The key difference between the incentives in go-to-market vs. go-to-community strategy can be summarized as the difference between value capture vs. value creation.
Community ≠ Marketing: Why We Need Go-to-Community, Not Just Go-to-Market | Future

By & for the community

Community building, first and foremost, is a mindset. It’s an approach that emphasises the importance of building relationships and fostering engagement with a group of people who share a common interest, purpose or set of values. It can help to create a sense of belonging and ownership among community members, which in turn can lead to increased engagement, retention and growth. It requires authenticity, empathy, inclusivity, and collaboration, valuing the community’s needs, interests and goals above your own:

  • Authenticity: taking a human-first approach by being authentic, transparent and honest in all peer-level interactions with the community
  • Empathy: being able to understand and empathise with the community’s perspectives, painpoints, and needs, through active listening
  • Inclusivity: creating a welcoming and inclusive environment for all members of the community, valuing diversity and co-creation as key enablers
  • Collaboration: working together with the community to co-create solutions and build a shared vision for the future
  • Long-term perspective: seeing community building not as a one-time task but an ongoing process, continuously gathering feedback, iterating and improving based on the community’s evolving needs

Minimum viable community (MVC)

Similar to applying a LEAN methodology to product development by starting small and iterating around a minimum viable product (MVP), developing and building community also benefits from creating a minimal version first to test reception and fit, before investing more resources into it. Minimum viable community (MVC) refers to the minimum state of community interaction and supporting programs, for a small group of core members to come together around a shared purpose and find value and belonging in what you’ve built.
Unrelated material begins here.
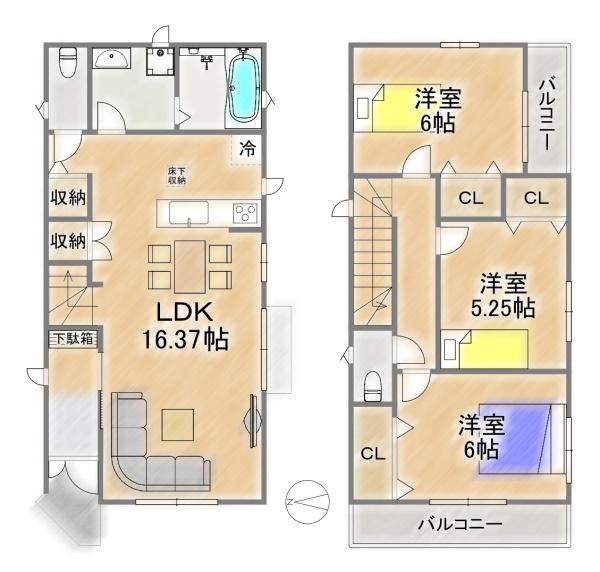 箕面市今宮４丁目の新築一戸建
MVC is a great way to test out whether your purpose resonates with early community members and to find out what brings the most value. Starting small helps you to focus on building relationships and understanding between a core team first, before scaling out.
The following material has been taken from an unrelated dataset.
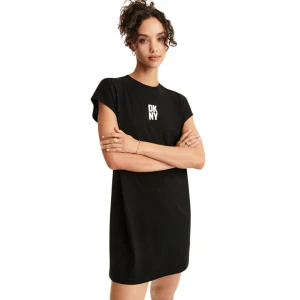 DKNY PUFF LOGO T-SHIRT DRESS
It’s also less risky as it gives you the freedom to experiment and test things out, without the complexity of big community, tools and processes. Authenticity and trust come more naturally when starting small, which will be essential stepping stones to learn about your member wants, needs, and pains. In turn, these learnings can be incorporated into finetuning your community purpose and scope, as well as the values and culture you are establishing.

Starting small means you start to really learn about what people want, need, love or struggle with. This means you can build these learnings into building your community and the conversations you co-create. Starting small means you can be mindful of the culture you are creating, through your own behaviour and of those that you invite in.
A guide to building a Minimum Viable Community (MVC) (rosie.land)
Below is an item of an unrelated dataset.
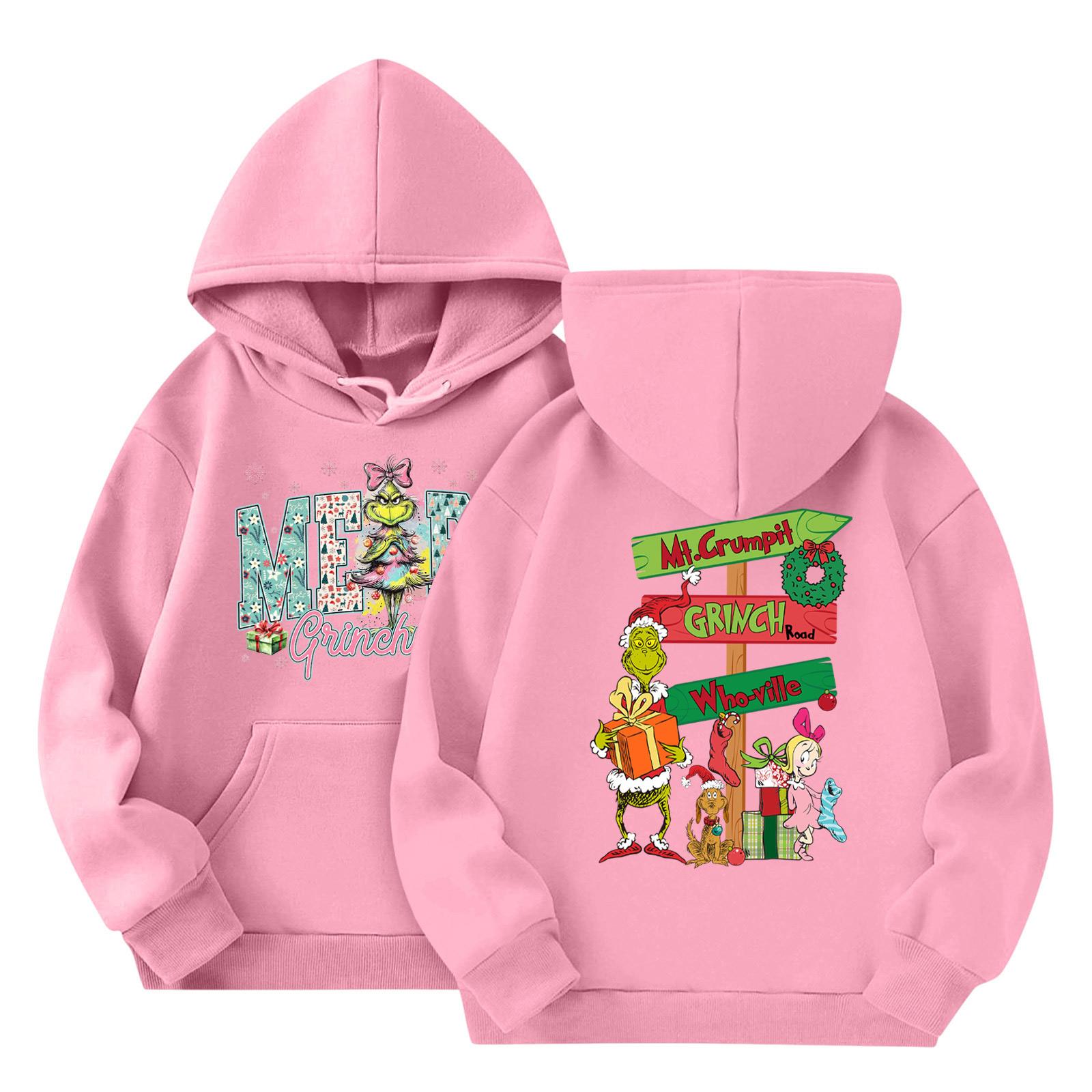 Kids Lightweight Long Sleeve Pullover Hoodie with Front Pocket Grinch Inspired Holiday Graphic Print Soft Fabric Comfortable Fit 130 розовый
Kids Lightweight Long Sleeve Pullover Hoodie with Front Pocket Grinch Inspired Holiday Graphic Print Soft Fabric Comfortable Fit 130 розовый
10–20 invested or committed contributors is all it takes to form an MVC. However, identifying and recruiting your initial core team of early members and contributors is critical to ensure that there is sufficient of a common foundation and alignment around your why, your high-level purpose. Influencers, thought leaders, power users or super fans are excellent candidates for inviting into your community early on. They often share the same passion and values, have proven skin-in-the-game, and would be willing to commit time and effort in iterating through the initial community forming and norming stages. In addition, these ‘power’ member types are often seen as social leaders who can help onboard their followers once the community is ready to scale out, triggering a cycle of user acquisition and ever-increasing network effects.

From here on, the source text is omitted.